Smart Speakers

ejlane

Well, this is not super on-topic for the site, but there's probably a lot of cross-over interest with people here on doing a local smart speaker.

It came up in another thread with @KevinT, but was really not the topic of that thread, so I'm starting this one to have a better place to hold the discussion.

So the current "smart speakers" of yours are really just output devices? Is the MQTT to speech internal to the phone, or does something else do that?

I'd definitely be interested in continuing the discussion. Kind of off topic for this whole site, since its use of MySensors would be minimal. There would be a two-way integration, but it wouldn't be very tightly coupled.

My thought was a raspberry pi, or even a powerful server if needed for the speech recognition and also for responses, and then just raspberry pi zeros for the satellite devices. (They would be doing wake word detection and then simply passing audio back and forth, so not a lot of power needed here.) It would be able to be a pretty cheap overall solution, while keeping full privacy because everything would be done here at the house, not sent out to the cloud.

I'm going to add links here to what I think are relevant projects.

https://snips.ai/ is what got me started on the idea and general architecture, but they got bought out and shut down before I could really get my whole plan off the ground. I was still fighting the learning curve and only had a single device kind-of working like I wanted when the announcement was made. Their website now is just a landing page that points to sonos, so it's useless.
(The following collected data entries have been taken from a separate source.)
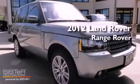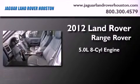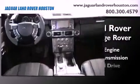This is a brand new 2012 Land Rover Range Rover. It features a 5.0 liter 8-cylinder engine, an automatic transmission, and 4-wheel drive.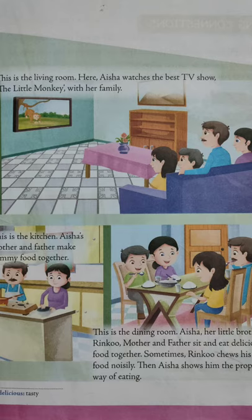Now children, what is the meaning of delicious? The meaning of delicious is tasty. What is the meaning of noisily? The meaning of noisily is making noise. Did you all follow, children?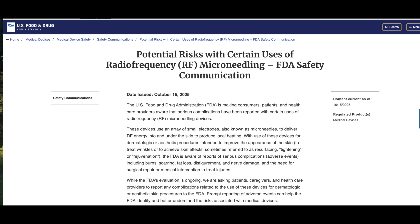In October of 2025, the FDA released a safety communication called 'Potential Risks with Certain Uses of Radiofrequency Microneedling.' They warned of serious complications including burns, scarring, facial fat loss, nerve damage, disfigurement, and even the need for reconstructive procedures to correct these issues.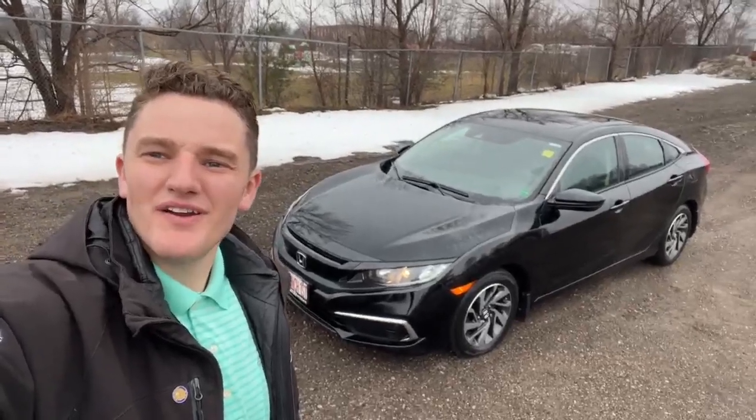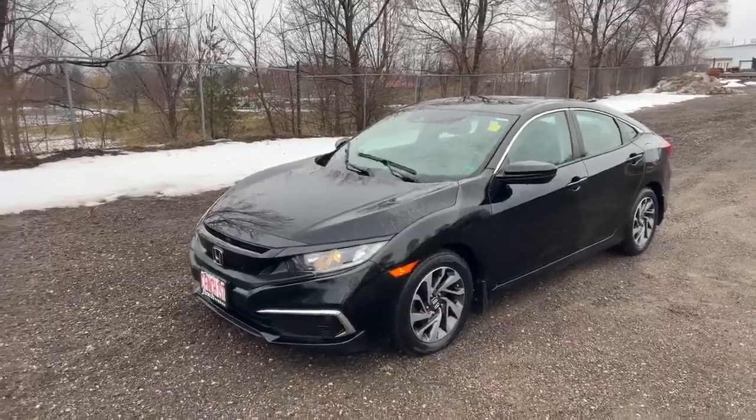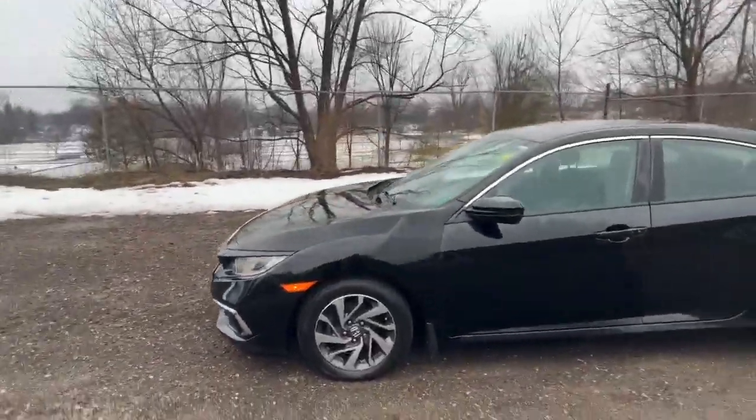Hey, it's Oss here, Fitchy. I'm going to do a quick walk around this recent trade-in. Check out this 2019 Honda Civic — just traded in last night.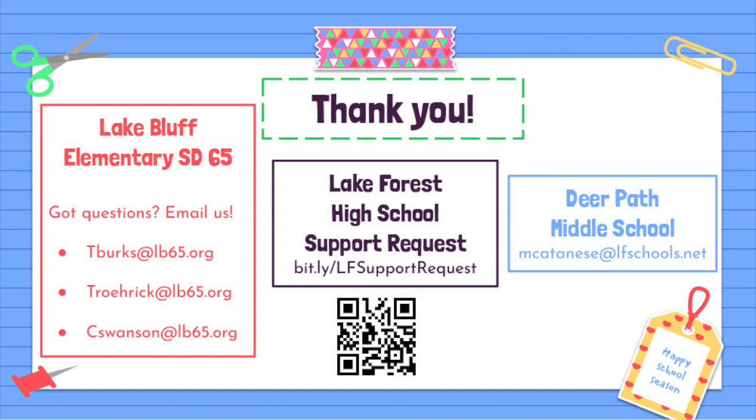We want to thank you for listening to our executive functioning presentation. If you would like more support for your child and you live in Lake Bluff, please reach out to Tim Burks at tburks@lb65.org, Tracy Roerick at trorick@lb65.org, or Karen Swanson at cswanson@lb65.org. If you have a child in Lake Bluff or Lake Forest School District 67, you can reach out to Marissa at mcantonese@lfschools.net. And if you have a child that attends Lake Forest High School, you can use the QR code on this presentation to request extra support. Thank you so much.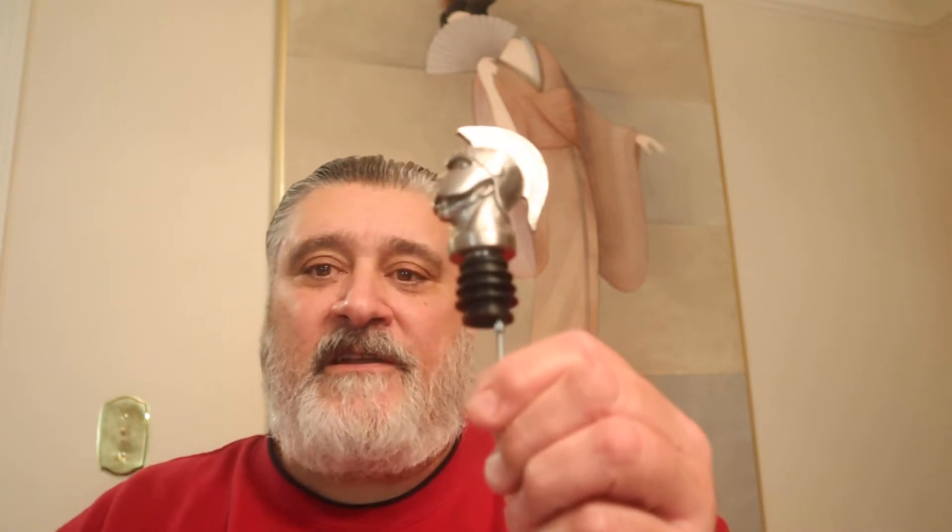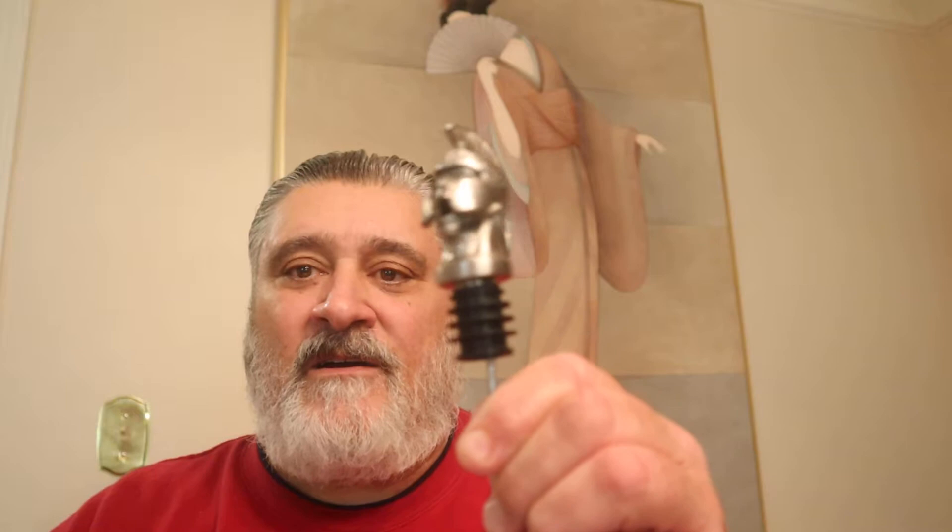Today what I'm going to do is put it through this aerator. Now it's been open for a while, and that should really polish it up nicely and open it up. Let me just tell you a little bit about this wine because it's interesting.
Used to be that you could still view the old info there for a while.

Project Alice is an open-source fork of what was snips. Snips had been mostly open-source, with the large exception of their web-configurator tool. Project Alice is not a finished product, but it looks like it's in a useable state, though it also looks like it's mostly the passion project of a single developer. I think this is the way that I'm going to go, once I get enough free time to wrap my mind around it all. https://github.com/project-alice-assistant/ProjectAlice https://community.projectalice.io/

Then there's Mycroft. https://mycroft.ai/ It looks reasonably good for a front-end, but they use Google on the speech recognition. At least they realize the privacy downside of this, and they aggregate everyone's speech snippets and proxy it through their own server, so that minimizes the amount of info that Google could get out of it. They have been supporting Mozilla's Deep Speech project, but I don't think that you can send requests to that over the cloud. Though they also say that if you have hardware with enough power to run the Mozilla service locally that you can set it to do that. https://mycroft-ai.gitbook.io/docs/using-mycroft-ai/customizations/stt-engine#default-engine

While Mycroft will run on a Raspberry Pi, it needs to be a larger, more powerful one. It can't just run on a zero. https://mycroft-ai.gitbook.io/docs/using-mycroft-ai/get-mycroft/linux#system-requirements Although, now that the Zero 2 has come out, it might be enough.

Finally, just to be complete, there was the Jasper project. https://jasperproject.github.io/ I was especially interested in this one when it came out, both because it ran on a Raspberry Pi and my son is named Jasper. I thought that would be cool. It seemed like a great start, but then it died off pretty quickly. I got the feel like it was a student project and the students then were done with school and it didn't go anywhere.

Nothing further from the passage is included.